Power-law models for response times in correspondence: a mysterious controversy

Today in the Collective Dynamics Seminar, Gueorgi will be discussing a set of papers on the distribution of weighting times for correspondence. The topic apparently is controversial. I can’t quite see where the controversy lies, although it’s clear from reading the language of the comments and replies that some people are getting angry. I’ll first give the references, then my thoughts:

Barabasi, The origin of bursts and heavy tails in human dynamics
Oliveira & Barabasi, Human dynamics: Darwin and Einstein correspondence patterns
Vazquez, Oliveira, Dezso, Goh, Kondor, Barabasi, Modeling bursts and heavy tails in human dynamics
Stouffer, Malmgren & Amaral, Comment on Barabasi
Barabasi et al., Reply to Comment
Cosma Shalizi’s commentary
Aaron Clauset’s commentary

The short story is that Barbasi et al. have analyzed various data of time lags in personal correspondences and found that they follow a long-tailed power-law type of distribution (including some very long waits between replies). Here’s a pretty picture of waiting times for correspondence of Darwin and Einstein, following something close to a power-law distribution:

powerlaw1.jpg

Here’s another picture from Barbasi, this time of waiting times for email replies:

powerlaw2.jpg

Stouffer then has a pretty picture of his own here (sorry, I can’t figure out how to cut-and-paste it) of some email waiting times that don’t fiit a power-law model very well. There’s some discussion of Bayesian model selection here but I don’t quite see the point of that since obviously no model will be “correct” here.

This reminds me . . .

Looking at these papers reminds me of a few things. When Tian and Matt and I were working on our “How many people do you know” paper, we fit a lognormal distribution to the “gregariousness” parameters which basically represent the size of people’s social networks. Matt made an offhand comment one day that some people might be interested in seeing if a power-law distribution fit these data, but we decided that the information on the high tails was so sparse (basically, we esitmate someone as knowing 3000 people if he or she reported knowing several people named Michael, several named Nicole, etc.) that we couldn’t really try to distinguish these distributions and wouldn’t believe it if we tried. (See here for more on this point.)
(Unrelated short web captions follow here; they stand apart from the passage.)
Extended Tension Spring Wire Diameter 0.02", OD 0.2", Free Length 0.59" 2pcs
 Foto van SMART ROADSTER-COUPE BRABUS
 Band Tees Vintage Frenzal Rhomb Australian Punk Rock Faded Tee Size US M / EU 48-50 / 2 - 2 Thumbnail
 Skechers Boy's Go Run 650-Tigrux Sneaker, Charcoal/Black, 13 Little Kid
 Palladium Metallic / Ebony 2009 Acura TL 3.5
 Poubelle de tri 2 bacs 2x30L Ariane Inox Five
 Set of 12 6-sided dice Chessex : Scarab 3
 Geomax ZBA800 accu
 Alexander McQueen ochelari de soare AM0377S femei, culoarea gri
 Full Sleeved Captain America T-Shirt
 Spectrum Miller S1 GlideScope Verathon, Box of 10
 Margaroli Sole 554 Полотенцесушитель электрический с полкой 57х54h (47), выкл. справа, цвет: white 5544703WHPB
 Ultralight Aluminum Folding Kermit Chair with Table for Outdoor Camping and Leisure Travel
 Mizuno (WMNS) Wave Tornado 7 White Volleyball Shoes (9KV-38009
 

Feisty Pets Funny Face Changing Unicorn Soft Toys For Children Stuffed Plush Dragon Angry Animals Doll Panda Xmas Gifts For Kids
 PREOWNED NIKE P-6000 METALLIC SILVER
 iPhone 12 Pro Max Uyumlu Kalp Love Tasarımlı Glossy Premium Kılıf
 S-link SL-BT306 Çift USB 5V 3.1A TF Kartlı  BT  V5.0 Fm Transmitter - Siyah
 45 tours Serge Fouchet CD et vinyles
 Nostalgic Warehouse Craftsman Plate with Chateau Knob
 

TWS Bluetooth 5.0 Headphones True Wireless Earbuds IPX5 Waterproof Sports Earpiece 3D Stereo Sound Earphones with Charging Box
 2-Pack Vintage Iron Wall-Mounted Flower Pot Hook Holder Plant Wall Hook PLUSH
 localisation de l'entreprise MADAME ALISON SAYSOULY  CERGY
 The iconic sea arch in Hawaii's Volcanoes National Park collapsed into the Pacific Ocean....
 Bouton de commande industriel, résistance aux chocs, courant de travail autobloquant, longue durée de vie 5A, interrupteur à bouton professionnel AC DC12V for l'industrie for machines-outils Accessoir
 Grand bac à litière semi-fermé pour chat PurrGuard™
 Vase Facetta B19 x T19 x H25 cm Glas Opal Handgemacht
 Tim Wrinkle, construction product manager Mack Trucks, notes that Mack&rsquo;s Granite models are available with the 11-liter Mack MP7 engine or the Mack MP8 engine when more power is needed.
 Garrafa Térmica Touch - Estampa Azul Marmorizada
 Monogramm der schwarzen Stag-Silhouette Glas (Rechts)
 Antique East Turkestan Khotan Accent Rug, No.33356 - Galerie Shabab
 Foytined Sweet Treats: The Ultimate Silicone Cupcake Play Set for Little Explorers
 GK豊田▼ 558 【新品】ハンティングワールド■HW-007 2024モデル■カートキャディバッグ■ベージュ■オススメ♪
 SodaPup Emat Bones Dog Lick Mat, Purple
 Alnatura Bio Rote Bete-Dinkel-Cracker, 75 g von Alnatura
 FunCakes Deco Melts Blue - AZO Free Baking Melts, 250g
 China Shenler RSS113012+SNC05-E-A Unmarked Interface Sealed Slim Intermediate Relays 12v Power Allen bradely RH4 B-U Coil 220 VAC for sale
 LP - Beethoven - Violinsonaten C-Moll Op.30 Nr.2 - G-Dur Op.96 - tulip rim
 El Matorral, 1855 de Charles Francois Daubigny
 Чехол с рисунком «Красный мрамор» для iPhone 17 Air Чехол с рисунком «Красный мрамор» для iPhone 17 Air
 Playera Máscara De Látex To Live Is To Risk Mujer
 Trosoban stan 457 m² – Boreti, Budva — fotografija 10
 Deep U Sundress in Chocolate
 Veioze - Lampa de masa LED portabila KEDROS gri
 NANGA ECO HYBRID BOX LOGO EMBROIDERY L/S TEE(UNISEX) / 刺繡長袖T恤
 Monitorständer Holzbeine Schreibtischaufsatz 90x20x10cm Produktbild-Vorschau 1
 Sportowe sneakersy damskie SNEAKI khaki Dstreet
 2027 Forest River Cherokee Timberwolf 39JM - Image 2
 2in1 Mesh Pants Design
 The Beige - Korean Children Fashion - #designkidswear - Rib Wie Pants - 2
My other memory relates to a different aspect of the problem. Almost 20 years ago, a friend in graduate school was working for the summer at a federal agency under the supervision of a Ph.D. statististician. My friend’s boss put him to the task of fitting normal distributions (or maybe it was lognormal distributions) to some variable (perhaps it was income; for the purpose of the story it doesn’t matter) in the general population, and then separately for men and women, and other subsets of the population. My friend countered that, if you have a normal distribution for men and a normal distribution for women, the mixture won’t be normal. But his boss didn’t want to hear it.

Similarly, I can’t see that you’d expect to see the same distributional family for all correspondence as for correspondence of a single individual, and I didn’t see this addressed in these articles. From the displayed graphs, it looked like Stouffer et al. and Barbasi et al. were analyzing different datasets, so I can’t quite see where the disagreement is coming from. There’s probably something I’m missing here.

3 thoughts on “Power-law models for response times in correspondence: a mysterious controversy

  1. It should be easy to collect data on email response times: every single person who uses email has this information stored in their email archives. Individuals could download and install plugins for their email programs; alternatively, webmail providers like MSN, Yahoo, or Google have all this (privacy invasive!) info on their servers already (and Google at least seems to have the statistical talent to do this analysis!)

    Microsoft Research's Priorities system tracked user behavior to figure out which emails were most valuable; presumably response time should be a useful input variable. (another link)

    I bet a plugin that provides useful features similar to Priorities could also collect anonymous data on many users' email habits that could settle this dispute, and also provide better priors for email classification/value rating performance.

  2. "From the displayed graphs, it looked like Stouffer et al. and Barbasi et al. were analyzing different datasets, so I can't quite see where the disagreement is coming from."

    Actually, the first Barabasi paper is analyzing the same data as Stouffer et al.; it was originally gathered by Eckmann et al. for this. Darwin and Einstein are cute, but they came later.

  3. Glad to see that at least one physicist has found comfortable post cold-war employment! Jeesh, I can't make heads or tails of it either, but I imagine it might take a lifetime to figure it out!